In the four previous Series of these articles, we have tried to establish the meaning of Privacy, its relation to Data & Protection, as per the Indian PDPB2019 (Series I & II) We have discussed Data Privacy in some detail, as well as the concept of Personal & Sensitive Personal information (Series III). In the last (Series IV) we have touched upon Data Classification.
In this Fifth (& Sixth) Series of Article, we learn how Data is to be treated as per the Indian PDPB2019.

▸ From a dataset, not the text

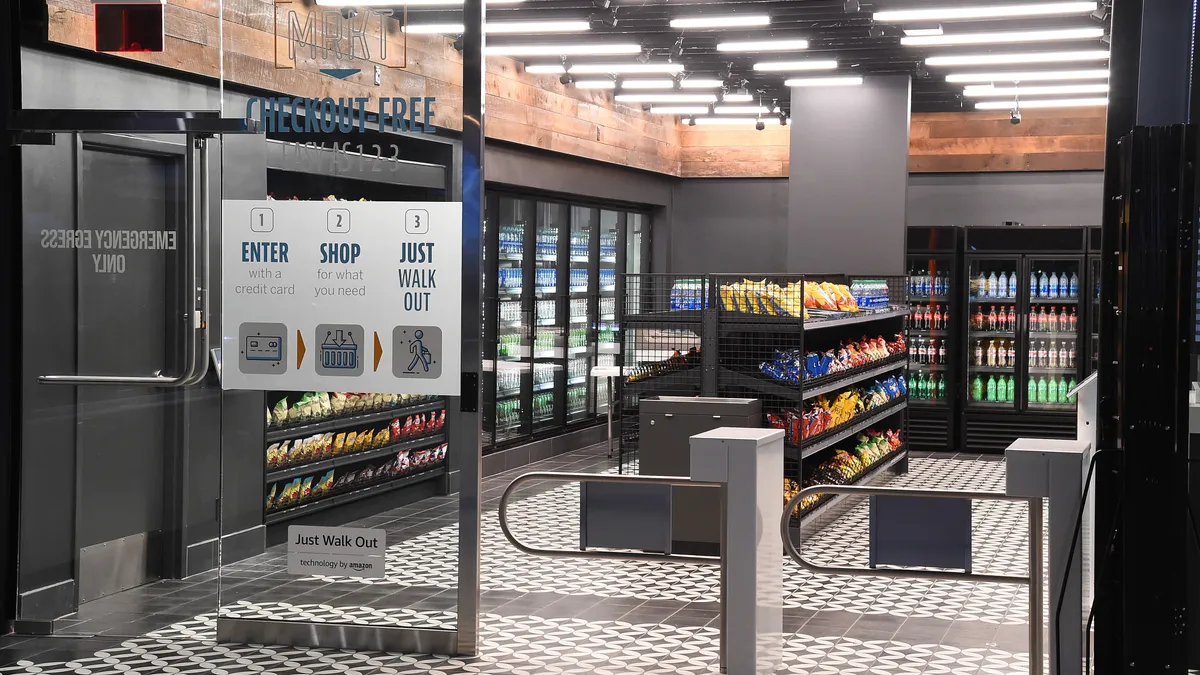 Entrance of of a convenience store with shelves and refrigerators displaying snacks and beverages.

The entire applicability is summarised in Section 2 of the Act which states as under Indian PDPB2019,
Application of Act to processing of personal data
The provisions of this Act shall apply to,
(a) the processing of personal data where such data has been collected, disclosed, shared or otherwise processed within the territory of India;
(b) the processing of personal data by the State, any Indian company, any citizen of India or any person or body of persons incorporated or created under Indian law;
(c) the processing of personal data by data fiduciaries or data processors not present within the territory of India, if such processing is
(i) in connection with any business carried on in India, or any systematic activity of offering goods or services to data principals within the territory of India; or
(ii) in connection with any activity which involves profiling of data principals within the territory of India.
(D) shall not apply to the processing of anonymised data, other than the anonymised data referred to in the Bill.

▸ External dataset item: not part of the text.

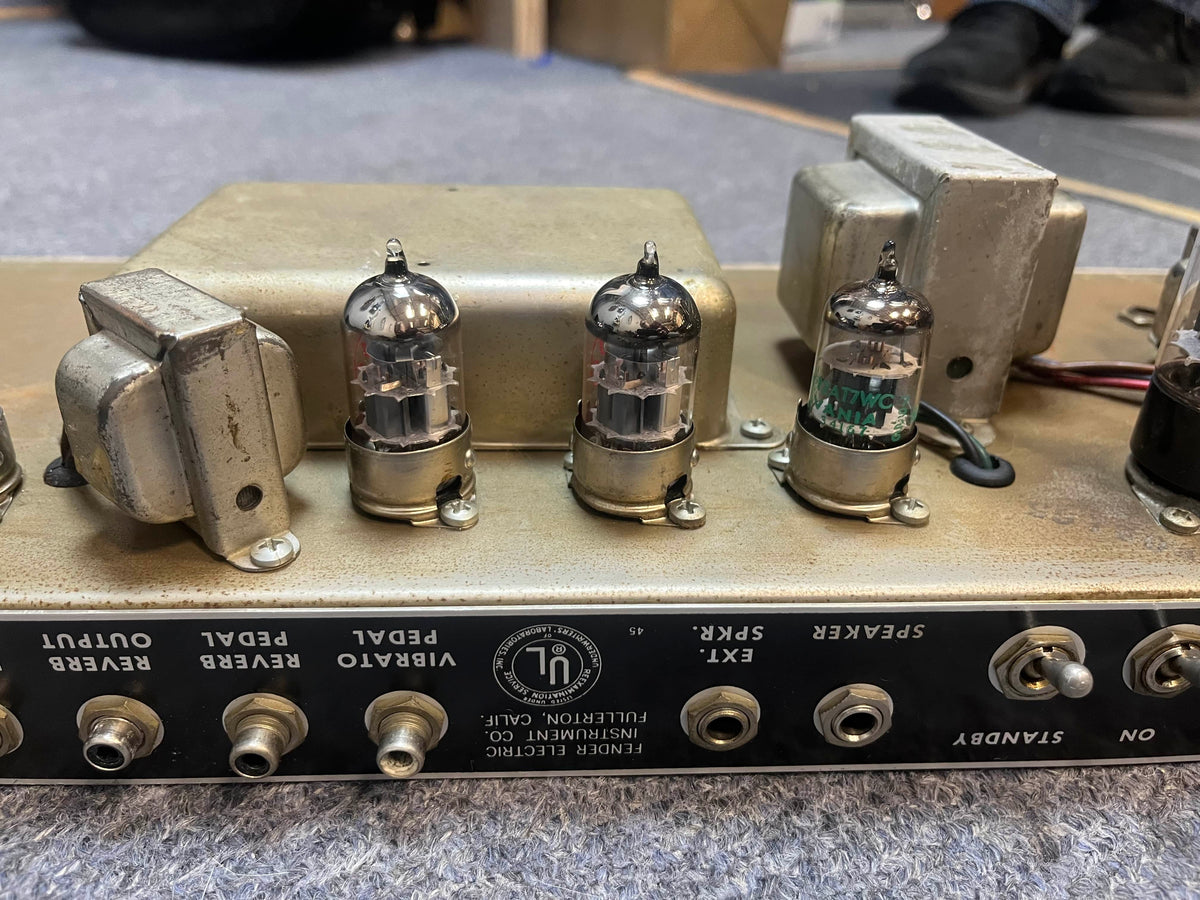 Close-up of the back panel on a 1965 Fender Deluxe Reverb AB763 (Pre-CBS Blackface, Serial A 06439) highlights its vacuum tubes, input/output jacks, and detailed control labels.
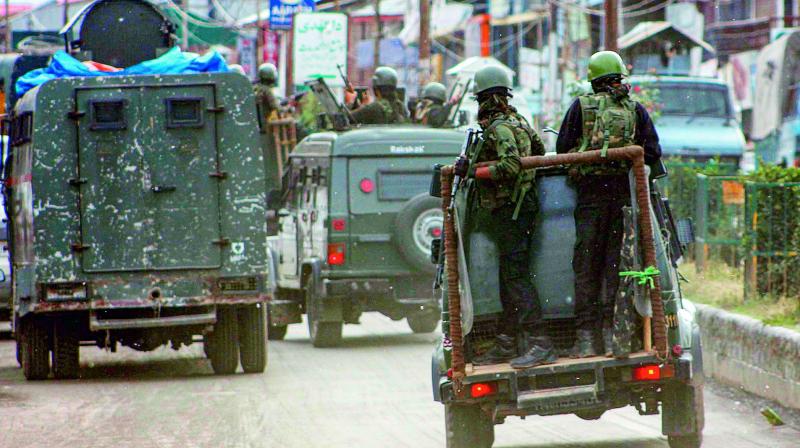 Security personnel near the site of fidayeen attack in Anantnag on Wednesday. (PTI) Security personnel near the site of fidayeen attack in Anantnag on Wednesday. (PTI)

Among the host of security techniques available, pseudonymisation or anonymisation is highly recommended by the Privacy regulations. Such techniques minimise risk and are helpful for data Fiduciary & Data Processors in fulfilling their data compliance regulations.
Anonymization as per Section 3(2) is defined as
“anonymisation” in relation to personal data, means such an irreversible process of transforming or converting personal data to a form in which a data principal cannot be identified, which meets the standards of irreversibility specified by the Authority.

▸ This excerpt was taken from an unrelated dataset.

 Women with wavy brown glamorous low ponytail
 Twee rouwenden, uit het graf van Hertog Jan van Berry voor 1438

Accordingly, data about living individuals which has been anonymised such that it is not possible to identify the data principal from the data or from the data together with certain other information.
Another crucial aspect to be noted is that the provisions of this Act will not be applicable to Anonymized data.
Therefore, to protect data, anonymise personal data and make sure re-identification by combining anonymised data with other population data is impossible. Statistical packages may have tooling for anonymisation. Additionally, Anonymisation may also be described as a type of information sanitisation whose intent is to protect privacy. It is the process of either encrypting or removing personally identifiable information from data sets so that the people whom the data describe remain anonymous. Identifiers can apply to any natural or legal person, living or dead, including their dependents, ascendants, and descendants. Included are other related persons, direct or through interaction.
Anonymised data is always unrecognisable, even to the data owner
On the other hand, Pseudonymisation is a procedure in which identifying fields in a data record are replaced by artificial identifiers (pseudonyms). There can be a single pseudonym for a collection of replaced fields or a pseudonym per replaced field.”Pseudonymisation” of data means replacing any identifying characteristics of data with a pseudonym, or, in other words, a value which does not allow the data subject to be directly identified. The purpose is to make it harder to identify individuals from the data record and thus to lower respondent or patient objections to its use. Data in this form are suitable for extensive analytics and processing.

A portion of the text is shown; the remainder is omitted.